UNLABELLED: Astrocytes tile the entire CNS, but their functions within neural circuits in health and disease remain incompletely understood. We used genetically encoded Ca(2+)and glutamate indicators to explore the rules for astrocyte engagement in the corticostriatal circuit of adult wild-type (WT) and Huntington's disease (HD) model mice at ages not accompanied by overt astrogliosis (at approximately postnatal days 70-80). WT striatal astrocytes displayed extensive spontaneous Ca(2+)signals, but did not respond to cortical stimulation, implying that astrocytes were largely disengaged from cortical input in healthy tissue. In contrast, in HD model mice, spontaneous Ca(2+)signals were significantly reduced in frequency, duration, and amplitude, but astrocytes responded robustly to cortical stimulation with evoked Ca(2+)signals. These action-potential-dependent astrocyte Ca(2+)signals were mediated by neuronal glutamate release during cortical stimulation, accompanied by prolonged extracellular glutamate levels near astrocytes and tightly gated by Glt1 glutamate transporters.

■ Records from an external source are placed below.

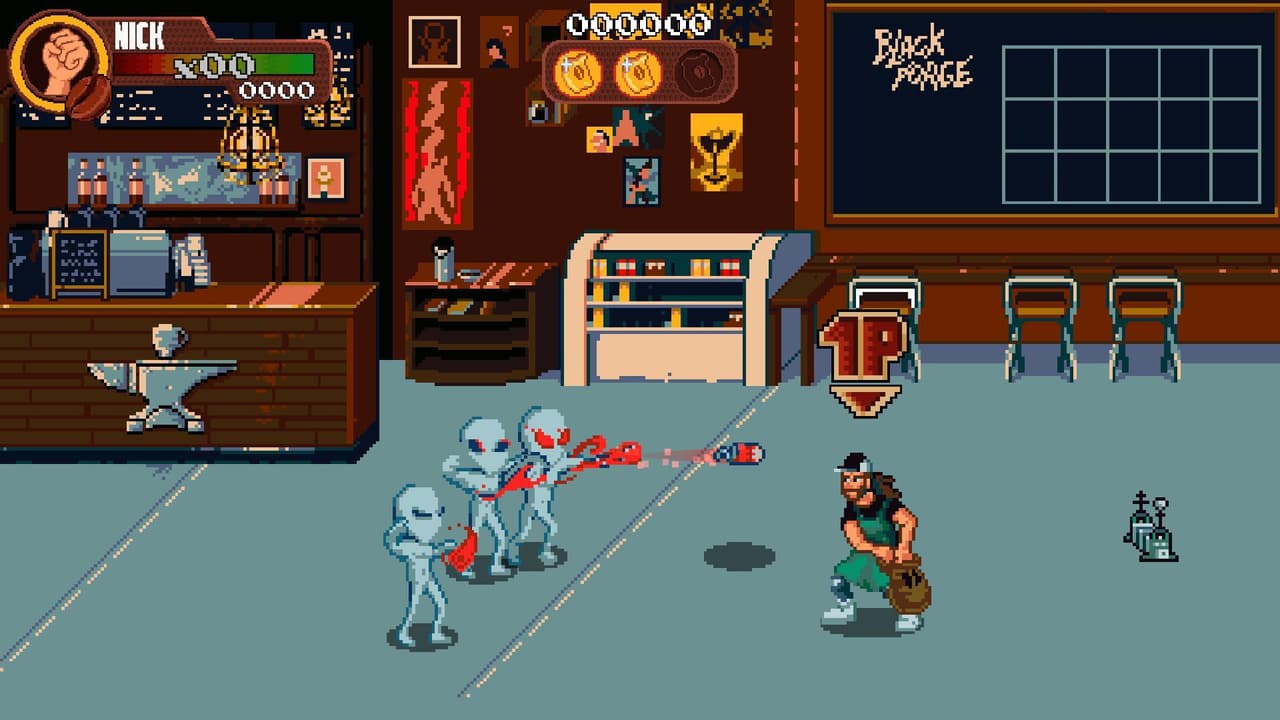 Coffee Crisis (itch) screenshot 2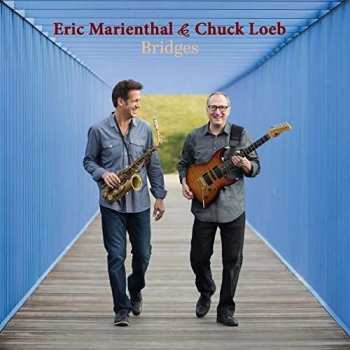 Album Eric Marienthal: Bridges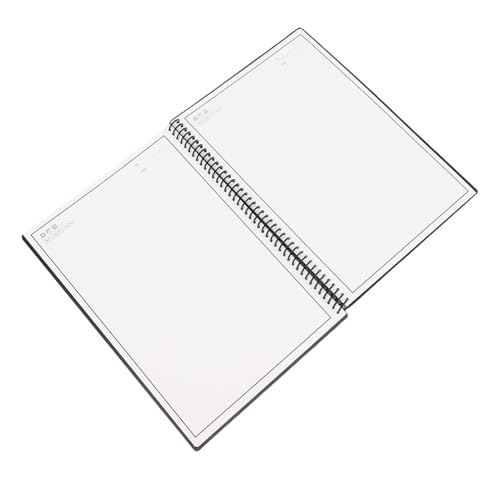 Carnet à spirale réutilisable Zerodis avec papier intelligent connecté pour notes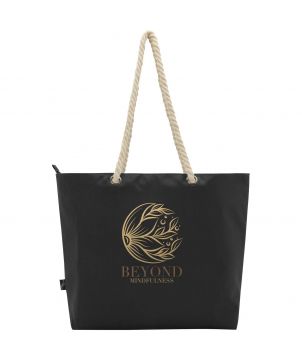 Sac de plage isotherme recyclé GRS personnalisé 23 L Panama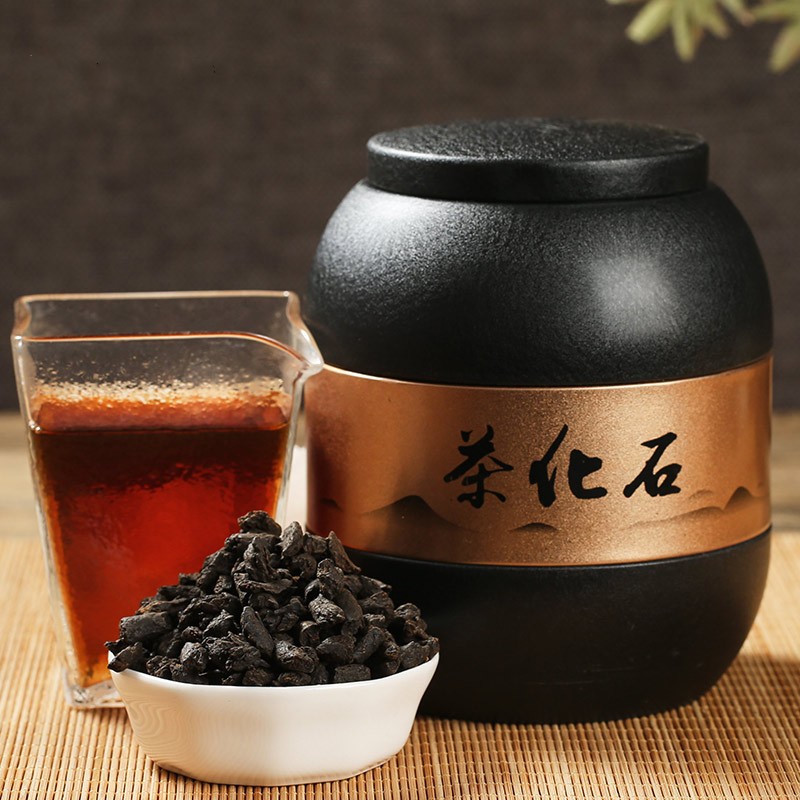 饮矿 糯香普洱散茶 500g*1罐 34.55元（需用券）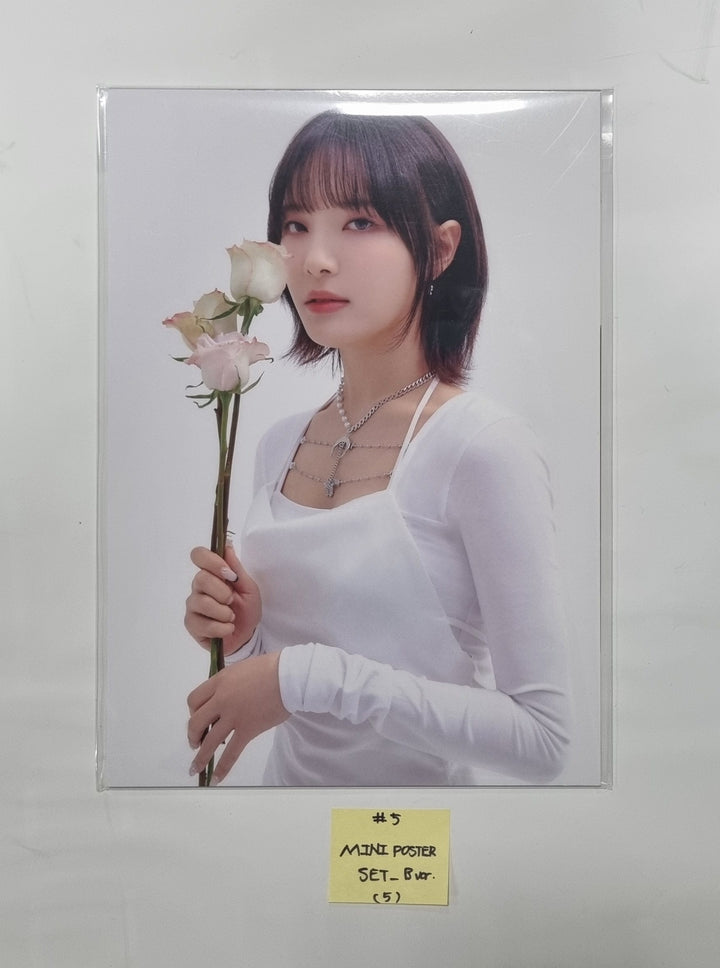 Billlie "Your B, I‘m B (Belllie’ve You)" 1st Fan-Con - Copan Global Pop-Up Store Official MD [Light Stick, Light Stick Pouch, Tincase &amp; Photocards Set, Mini Poster Set, Photo Ticket Set, T-shirt] [24.5.4] - HALLYUSUPERSTORE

Moreover, dysfunctional Ca(2+)and glutamate signaling that was observed in HD model mice was largely, but not completely, rescued by astrocyte specific restoration of Kir4.1, emphasizing the important contributions of K(+)homeostatic mechanisms that are known to be reduced in HD model mice. Overall, our data show that astrocyte engagement in the corticostriatal circuit is markedly altered in HD. Such prodromal astrocyte dysfunctions may represent novel therapeutic targets in HD and other brain disorders. SIGNIFICANCE STATEMENT: We report how early-onset astrocyte dysfunction without detectable astrogliosis drives disease-related processes in a mouse model of Huntington's disease (HD). The cellular mechanisms involve astrocyte homeostasis and signaling mediated by Kir4.1, Glt1, and Ca(2+) The data show that the rules for astrocyte engagement in a neuronal circuit are fundamentally altered in a brain disease caused by a known molecular defect and that fixing early homeostasis dysfunction remedies additional cellular deficits. Overall, our data suggest that key aspects of altered striatal function associated with HD may be triggered, at least in part, by dysfunctional astrocytes, thereby providing details of an emerging striatal microcircuit mechanism in HD. Such prodromal changes in astrocytes may represent novel therapeutic targets.